## THE PROBLEM
Omit all pictures. Print the remaining lines exactly, from the start of the data through the line containing "2017 Nissan Sentra".
(INPUT Opens)
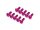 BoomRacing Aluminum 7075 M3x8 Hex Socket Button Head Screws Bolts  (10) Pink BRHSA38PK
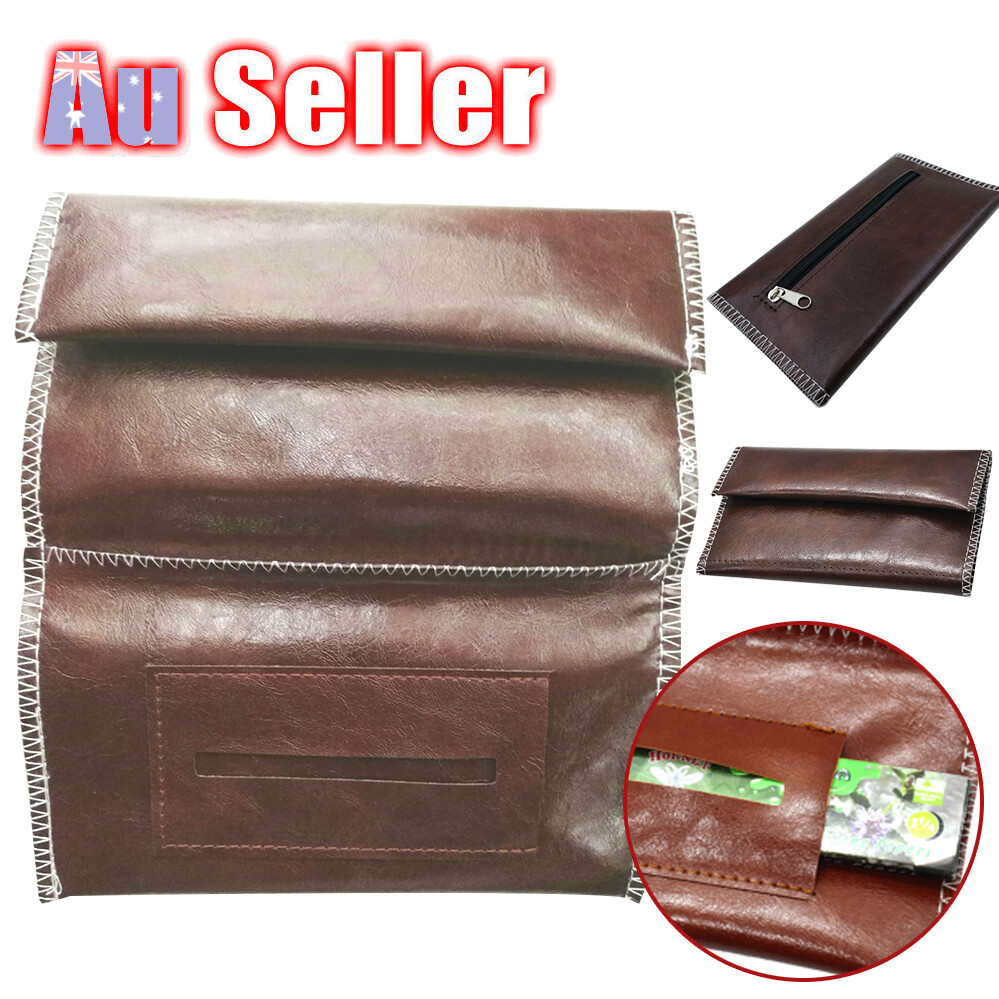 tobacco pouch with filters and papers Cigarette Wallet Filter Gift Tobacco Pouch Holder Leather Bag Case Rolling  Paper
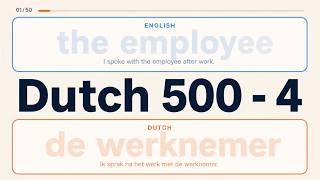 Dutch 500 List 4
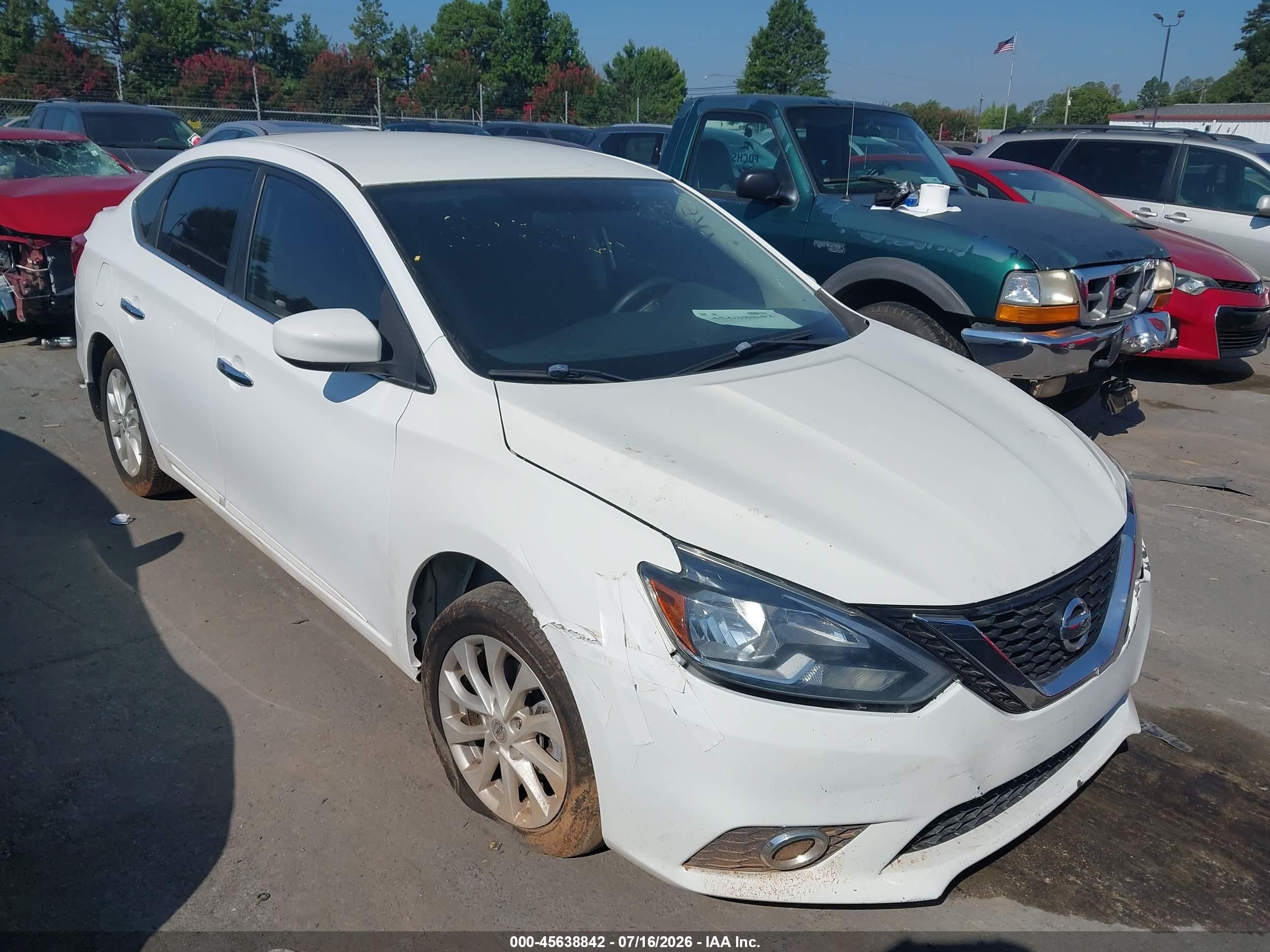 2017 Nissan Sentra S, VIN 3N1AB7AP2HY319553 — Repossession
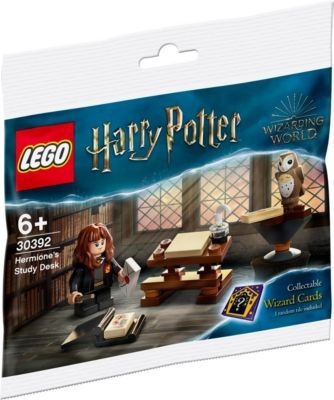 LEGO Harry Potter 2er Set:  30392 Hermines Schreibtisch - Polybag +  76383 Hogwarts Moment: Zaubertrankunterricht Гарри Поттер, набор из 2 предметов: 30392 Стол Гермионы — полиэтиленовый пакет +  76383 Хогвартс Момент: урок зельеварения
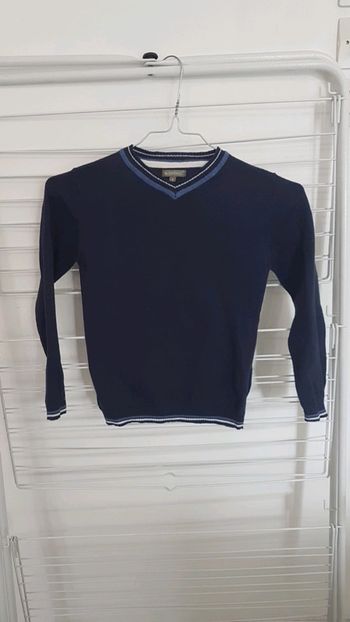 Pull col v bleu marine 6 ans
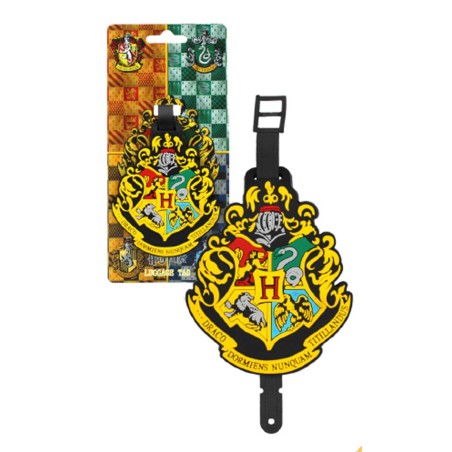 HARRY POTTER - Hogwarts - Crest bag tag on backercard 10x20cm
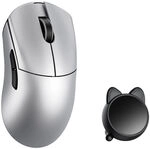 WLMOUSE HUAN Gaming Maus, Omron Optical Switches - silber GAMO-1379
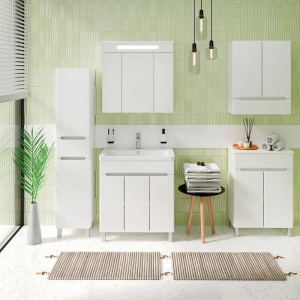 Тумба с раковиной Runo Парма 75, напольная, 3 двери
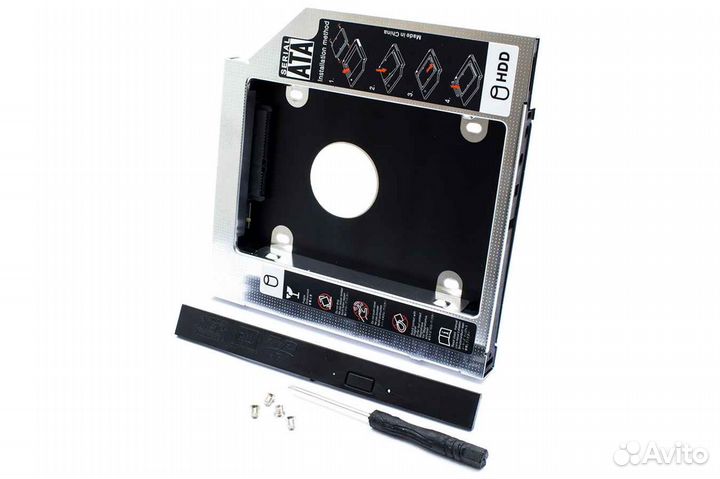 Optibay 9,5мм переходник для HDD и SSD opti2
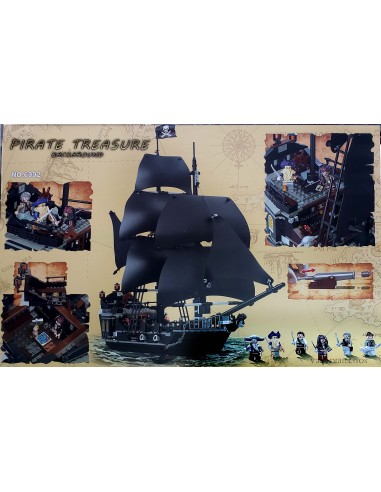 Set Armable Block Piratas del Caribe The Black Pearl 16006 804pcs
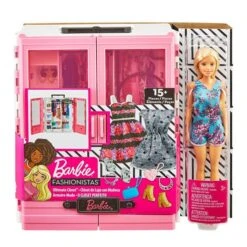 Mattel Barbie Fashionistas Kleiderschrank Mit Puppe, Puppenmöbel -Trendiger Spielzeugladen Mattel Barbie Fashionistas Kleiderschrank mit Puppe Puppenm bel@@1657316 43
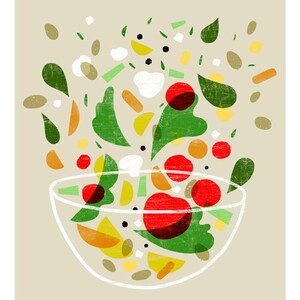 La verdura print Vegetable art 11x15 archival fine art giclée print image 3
(INPUT Closes)
## ANSWER TO THIS TASK
 BoomRacing Aluminum 7075 M3x8 Hex Socket Button Head Screws Bolts  (10) Pink BRHSA38PK
 tobacco pouch with filters and papers Cigarette Wallet Filter Gift Tobacco Pouch Holder Leather Bag Case Rolling  Paper
 Dutch 500 List 4
 2017 Nissan Sentra S, VIN 3N1AB7AP2HY319553 — Repossession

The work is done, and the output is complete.